Ce jeu brutal est très populaire dans le pays. L’ardeur de ces petits sauvages égaya quelque temps les spectateurs des deux partis. Tous ces enfans s’arrachaient les cheveux à poignée pour se disputer les sous. Les plus maltraités se frottaient la tête, essuyaient leurs oreilles saignantes, en criant : Moi, je ne sens rien, je suis bronzé. Encore des sous ! Je ruinerais le maire. Tiro-peou ! tiro-peou !

Mais l’attention du public se lassa bientôt ; ce n’était qu’un quart d’heure de gagné. Comment occuper cette foule indisciplinée jusqu’au lever du rideau ? Le maire fit annoncer que les luttes allaient être reprises ; il monta sur l’estrade pour signifier au peuple qu’un prix de cinquante francs allait être disputé à la lutte par la jeunesse, et il ajouta de très mauvaise humeur : — Je les prends de ma poche, l’argent est dur à gagner !

Cette lutte fut très animée. Lamanosc fut battu ; le maire allait décerner le prix au jeune vainqueur de Lardeyron, lorsque Cabantoux, qu’on n’attendait pas, entra en lice. En quelques secondes, il eut terrassé le Lardeyronenc. Cascayot vint balayer avec sa veste le sol piétiné par les athlètes, et, regardant le vaincu, il lui dit : — En cas que tu tombes encore, je te fais une belle place. — Du côté de la farandole, des voix irritées criaient : Il n’est pas tombé ; il n’a pas touché de l’échine ; il n’a touché que d’une épaule, — le revenge, le revenge ! Le lutteur de Lardeyron s’était relevé et défiait le fadad ; Cabantoux le renversa de nouveau à plat sur le sable, et si grande que fût la mauvaise foi des gens de la farandole, ils ne purent contester cette victoire. Humiliés, furieux, ils s’apprêtèrent de nouveau à la bataille.

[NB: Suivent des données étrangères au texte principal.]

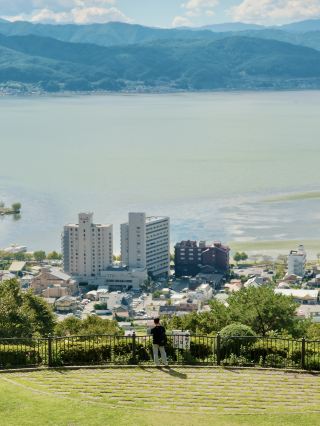 "Your Name" filming location tour: Entering Lake Suwa Tateishi Park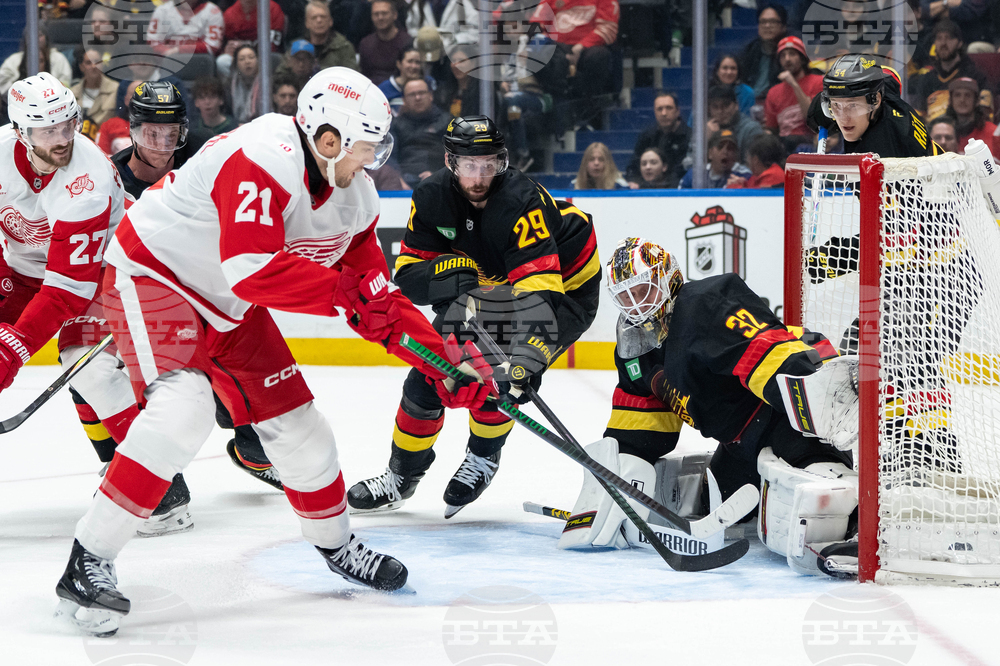 Red Wings Canucks Hockey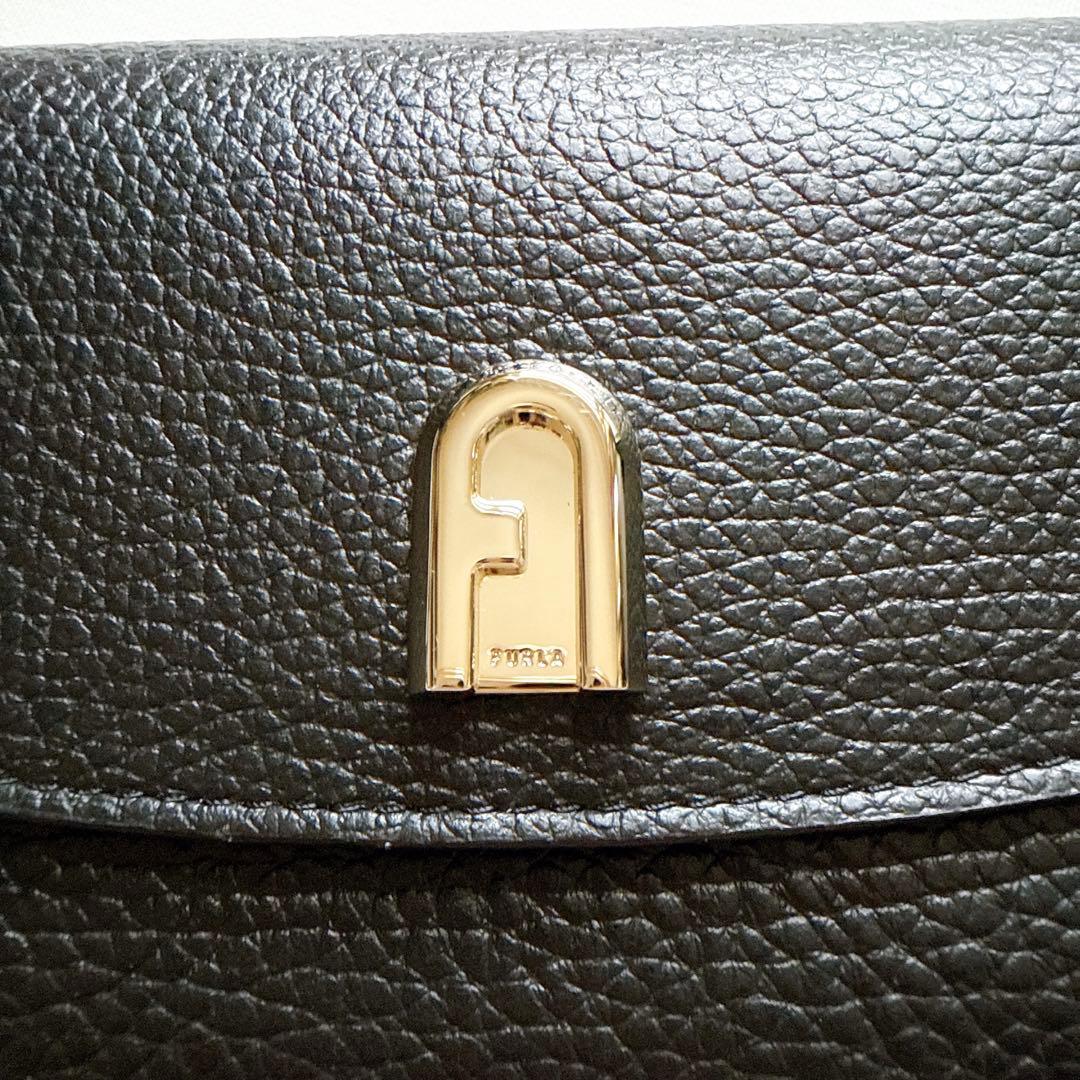 【訳あり・箱付き未使用品】フルラ　スリーク　フラップ式長財布　レザー　アーチロゴ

Après les luttes, le maire fit battre un ban. — Aux trois sauts ! dit-il en faisant tinter une bourse. Il se rassit en maugréant. En proclamant ce nouvel exercice, le maire voulait ménager un triomphe à la jeunesse des villages. A Lamanosc, il y a de forts lutteurs, mais les gens de Meyrenc passent pour plus adroits, plus agiles. Depuis quatre ans, Sambin promenait dans toutes les votes la gloire de son village ; douze écharpes d’honneur frangées d’argent, suspendues dans sa cuisine autour de son fusil, attestaient ses victoires.